Demographic Biases and Gaps in the Perception of Sexism in Large Language Models
This work addresses the challenge of demographic biases in automated sexism detection for social media analysis, but it is incremental as it builds on prior efforts to improve detection without introducing a new method.
The study tackled the problem of detecting sexism in social media text using Large Language Models (LLMs), finding that while LLMs can detect sexism to some extent based on overall population opinions, they fail to accurately replicate the diverse perceptions across different demographic groups, such as age and gender, using the EXIST 2024 tweet dataset.

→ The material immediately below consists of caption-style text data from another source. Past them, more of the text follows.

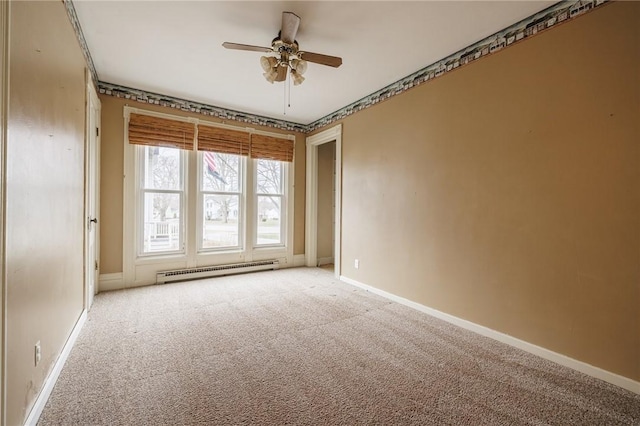 spare room with light carpet, baseboards, a baseboard heating unit, and ceiling fan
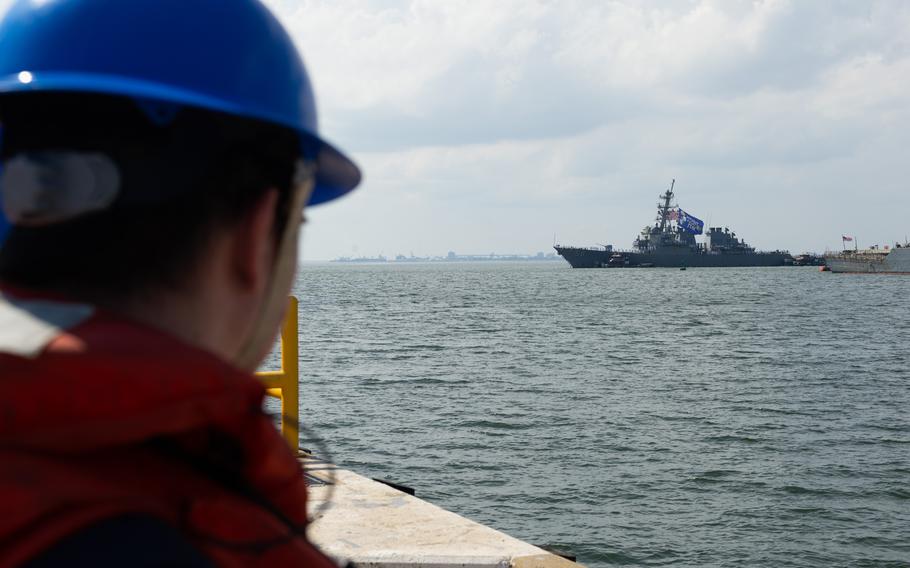 Seaman Richard Allmon looks on as the USS Laboon transits toward pier 5 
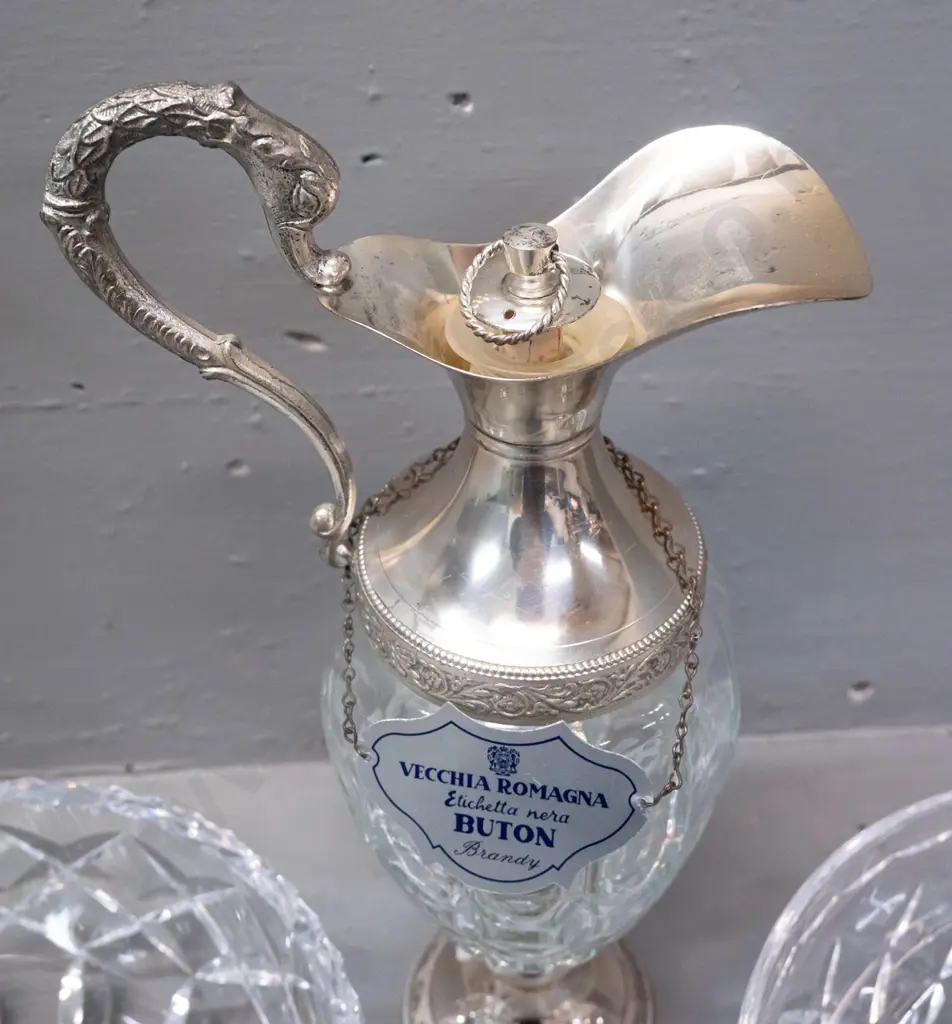 2 cut crystal bowls and a cut glass brandy ewer decanter with plated fittings, Buton brandy metal label and Distillerie Image 1++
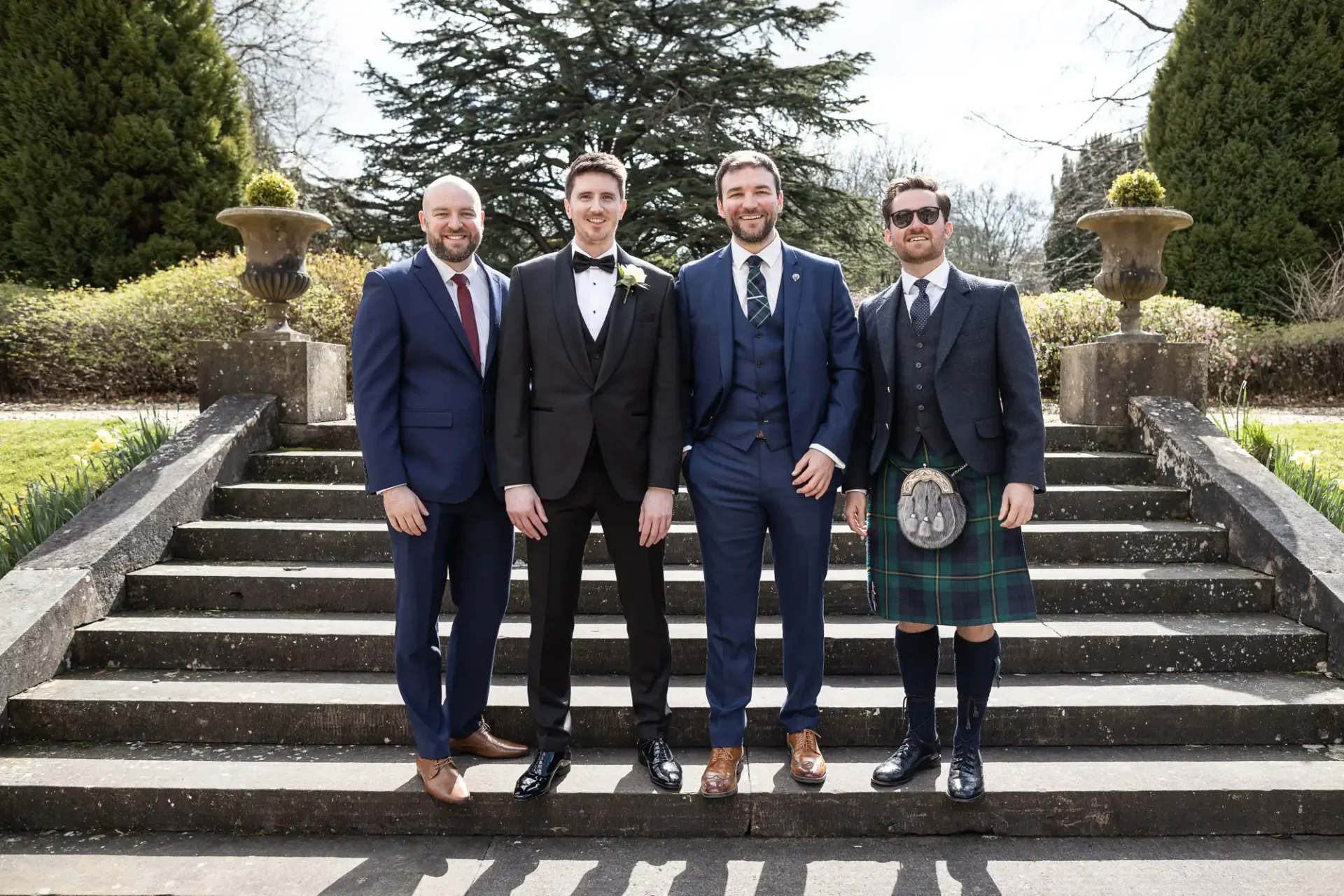 Four men in formal attire, including one in a kilt, stand on outdoor stone steps in front of greenery and large urns.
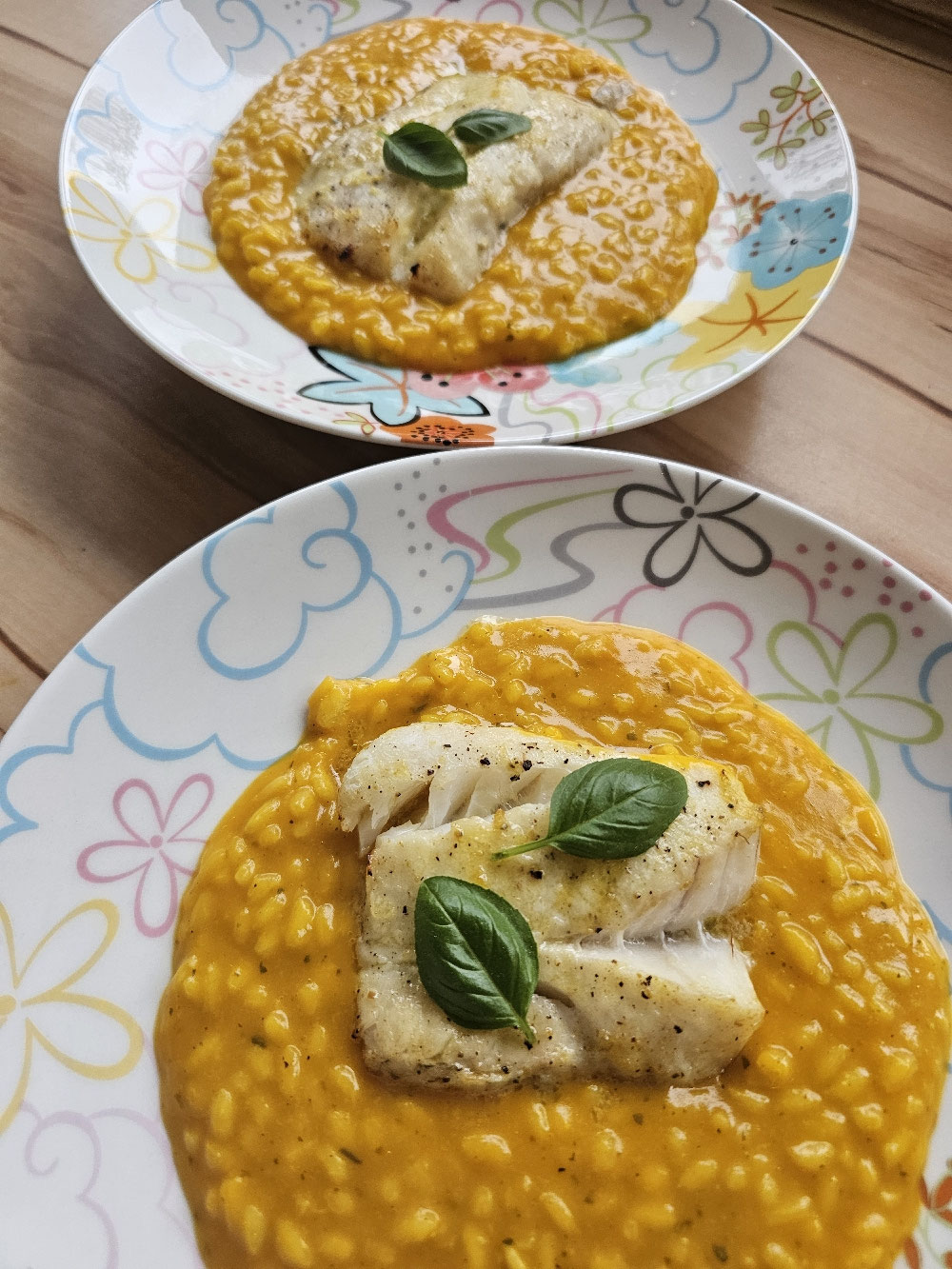 Kürbisrisotto mit Kabeljau auf zwei Tellern.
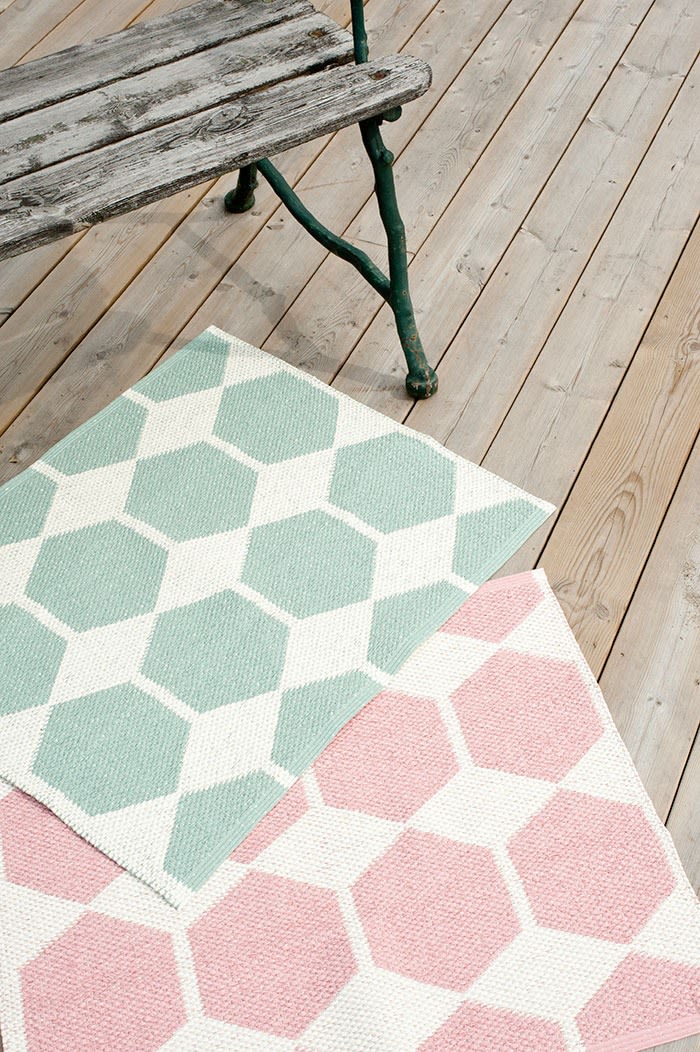 Tapis d'extérieur : vous voyez ici le tapis d'extérieur vert et le tapis d'extérieur rose de Brita Sweden posés devant un banc sur une terrasse en bois.
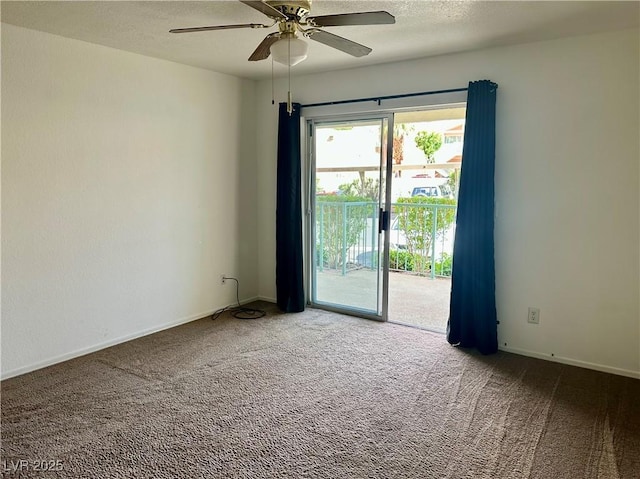 empty room with ceiling fan, a textured ceiling, and carpet flooring
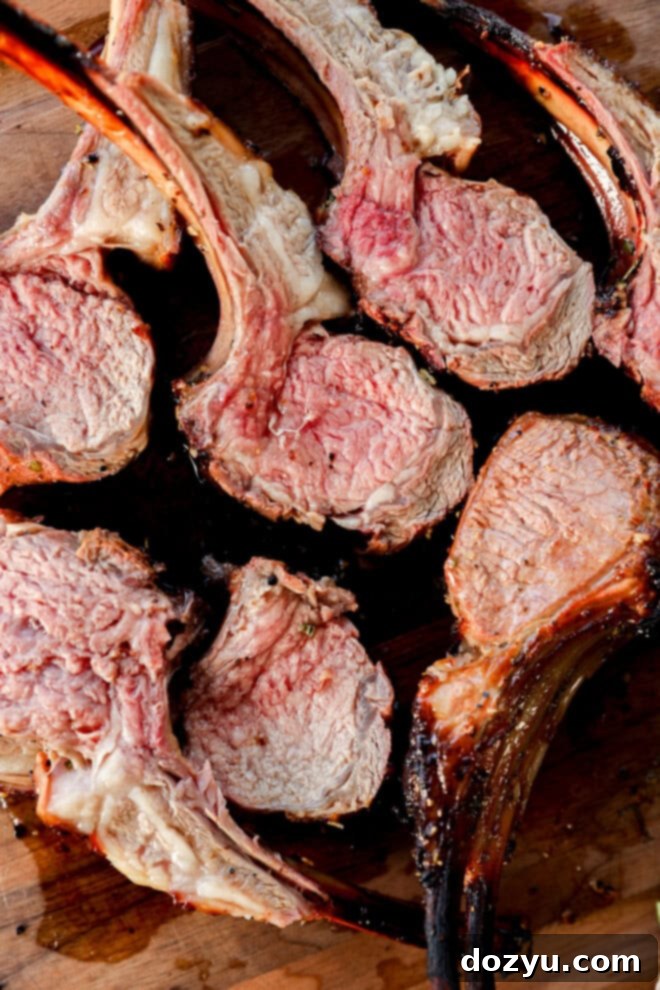 easy Easter meat dinner, sliced rack of lamb on a cutting board next to roasted vegetables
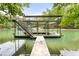 View of covered boat dock with metal structure and stairs leading to the roof of the dock at 6006 Lanier Heights Cir, Buford, GA 30518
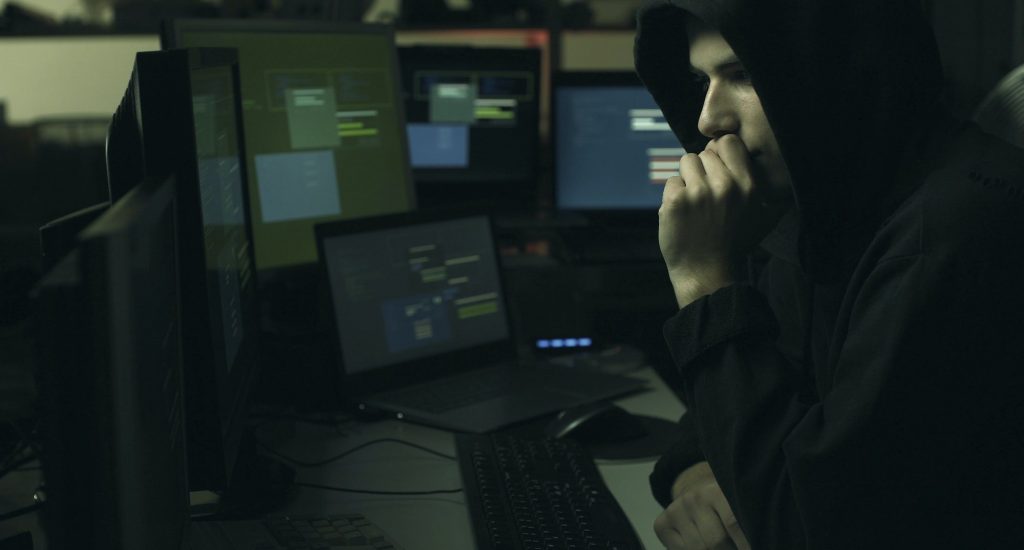 hacker-hiding-in-the-dark-and-working-with-computers.jpg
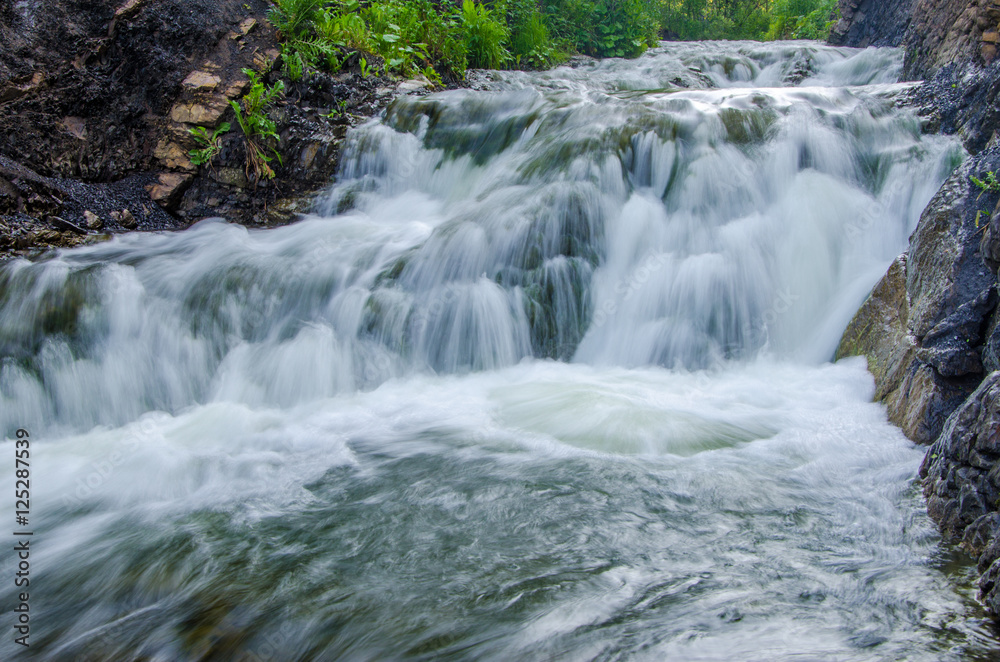 falling water in the morning mist. falling water in the morning mist.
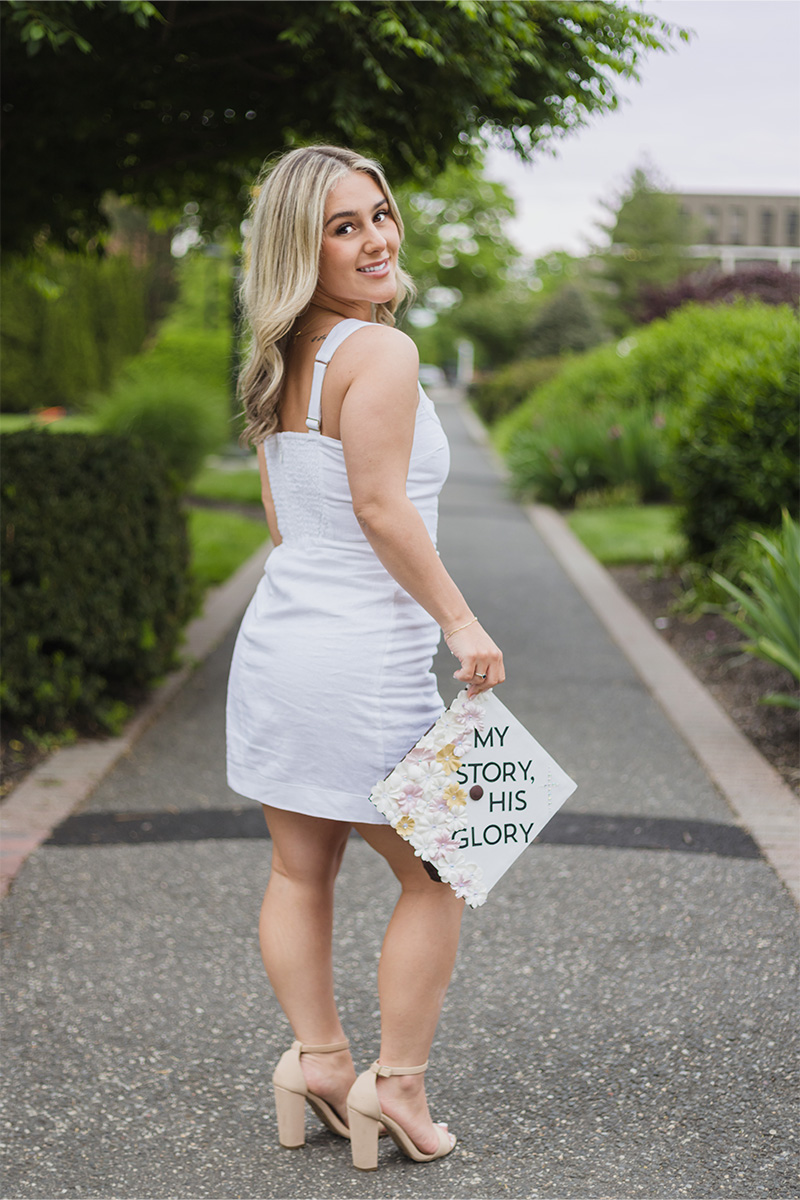 A woman in a white dress and heels stands on a path, holding a decorated graduation cap that reads "MY STORY, HIS GLORY," captured beautifully by a Long Island photographer.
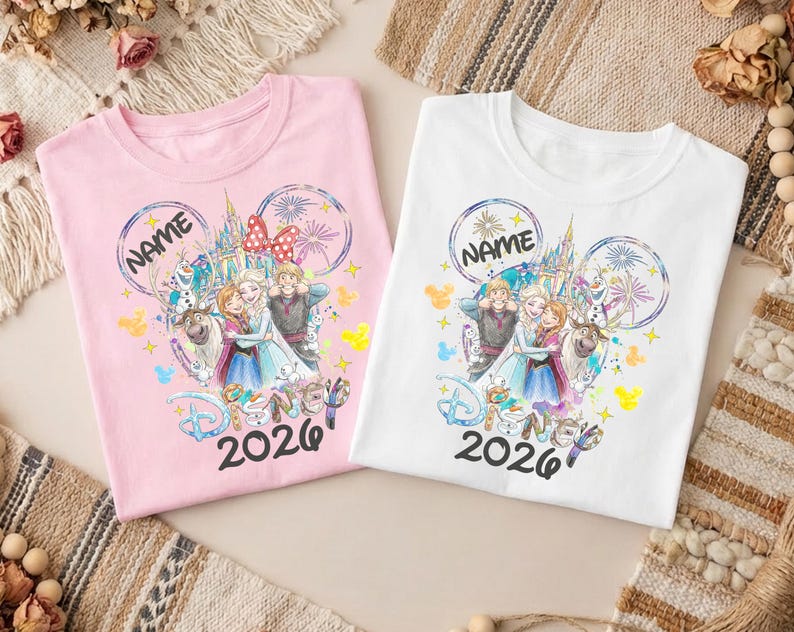 May include: Two t-shirts, one pink and one white, featuring a colorful graphic of characters from the movie "Frozen." The design includes the text "NAME" and "Disney 2026" in a whimsical font, with a castle and fireworks.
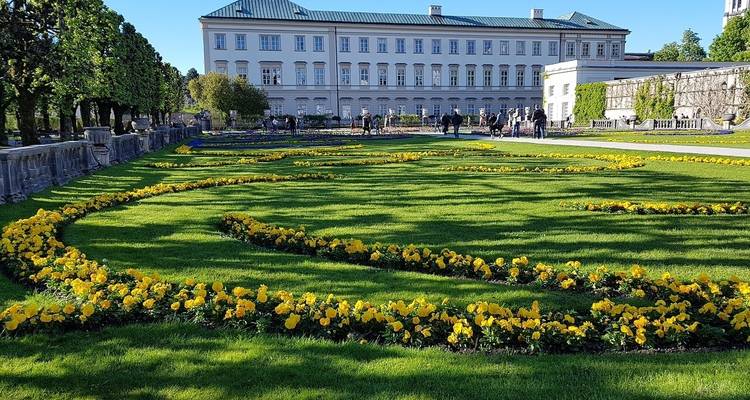 Schöner Garten mit gelben Blumen und einem historischen Gebäude.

The use of Large Language Models (LLMs) has proven to be a tool that could help in the automatic detection of sexism. Previous studies have shown that these models contain biases that do not accurately reflect reality, especially for minority groups. Despite various efforts to improve the detection of sexist content, this task remains a significant challenge due to its subjective nature and the biases present in automated models. We explore the capabilities of different LLMs to detect sexism in social media text using the EXIST 2024 tweet dataset. It includes annotations from six distinct profiles for each tweet, allowing us to evaluate to what extent LLMs can mimic these groups' perceptions in sexism detection. Additionally, we analyze the demographic biases present in the models and conduct a statistical analysis to identify which demographic characteristics (age, gender) contribute most effectively to this task. Our results show that, while LLMs can to some extent detect sexism when considering the overall opinion of populations, they do not accurately replicate the diversity of perceptions among different demographic groups. This highlights the need for better-calibrated models that account for the diversity of perspectives across different populations.